Both men are fine proponents of the “I told you so” school of economic commentary, relayed with erudition and a certain amount of dry wit. In his previous books, Talbott predicted the dotcom collapse, the crash in the housing market and the current global financial crisis.
Talbott, who has been in Australia for so long that he appeared in thongs, blames many parties for the current financial crisis, including the US Congress, Wall St, the banking industry, regulators and rating agencies. However, he reserves his biggest criticism for corporate lobbyists and their stranglehold on government. Although President Obama spoke of “hope and change”, and promised to curb lobbyists’ power, he has in fact turned over the drafting of the health insurance legislation to the members of congress, all of whom receive huge amounts of money from the lobbying industry, the author said.
A total of 98.4% of the members of congress are re-elected every term because they can each raise $US20 million from the lobbyists to spend on television advertising at election time, Talbott said. The American populace understands this, leading to Congress’ current approval rating of 11%, compared with George W Bush’s final approval rating of 18%.
Laws are written to protect the American people, not corporations, he said. However, the US government “has been very effective in passing legislation favourable to the corporations who have been paying it. It has facilitated globalisation while it has done nothing about global warming, to the great glee of corporate America; it has enforced intellectual property rights and patents for new products and new drugs around the world; it has lengthened copyright and patent protection periods; and it has created loopholes such that very few large corporations pay any corporate income tax at all.”
Talbott wants to counteract this influence by forming his own internet-based group, based loosely on the US-based MoveOn (the model for our own Get Up! (what is the reason for the ridiculous exclamation mark?)) to apply pressure on corporations to stop their lobbying activities by threatening them with boycotts.
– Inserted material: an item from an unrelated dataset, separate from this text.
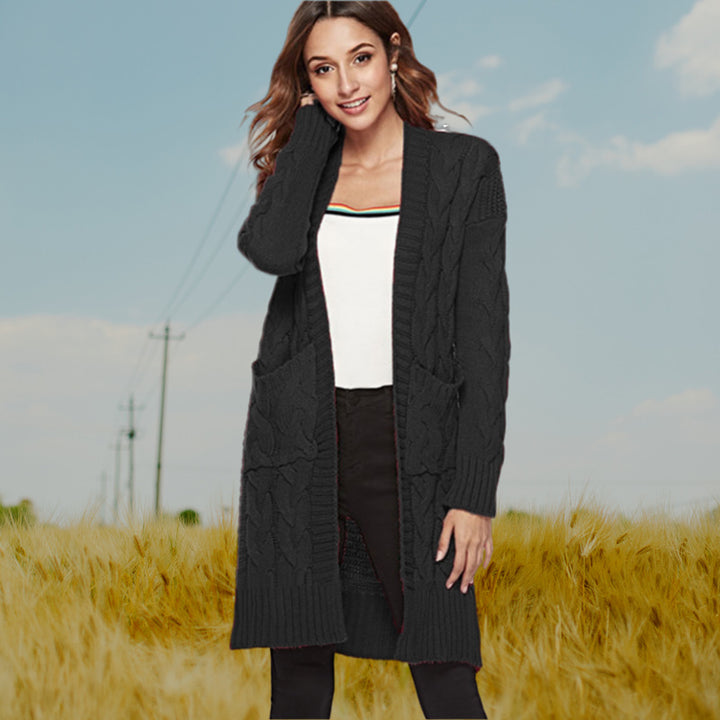 Chunky knit cardigan for women with an elegant cable design and practical pockets Lune London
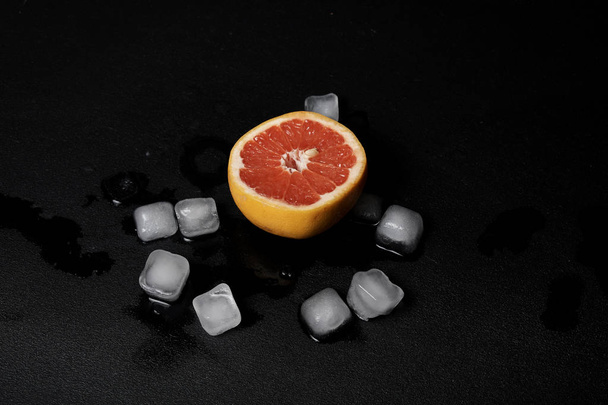 grapefruit slice and ice cubes on black background         - Zdjęcie, obraz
The former engineer, who comes across as a thinner and more focussed Michael Moore, said that since talking about this in the US a month ago, he had been contacted by several hundred people offering support.
If he could get 30,000 people to join, and each of them contacted another 30 people each, then potentially the group could reach 30 million people with two emails, he said. This would be a potent force for change.
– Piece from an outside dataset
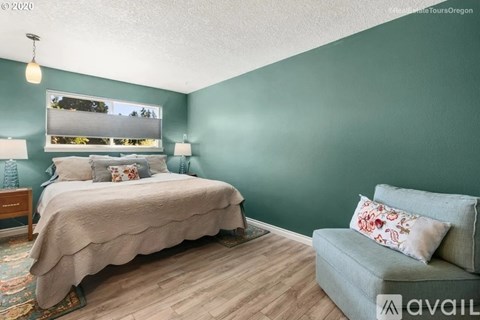 A bedroom with a bed and a couch.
Ross and he agreed that the vast majority of economists had failed to predict the current global financial crisis because they believed the commonly-held view that markets always got it right. Paul Krugman also wrote about this in the New York Times this week.
This view had led most economists to ignore all the things that can go wrong, Krugman wrote. “They turned a blind eye to the limitations of human rationality that often lead to bubbles and busts; to the problems of institutions that run amok; to the imperfections of markets — especially financial markets — that can cause the economy’s operating system to undergo sudden, unpredictable crashes; and to the dangers created when regulators don’t believe in regulation.”
Even the world’s most successful investor, Warren Buffett, has lost money in this downturn. Asked recently if anything was keeping him awake at night, his advice was short and to the point.
“If it’s going to keep me awake at night,” he said, “I am not going to go there.”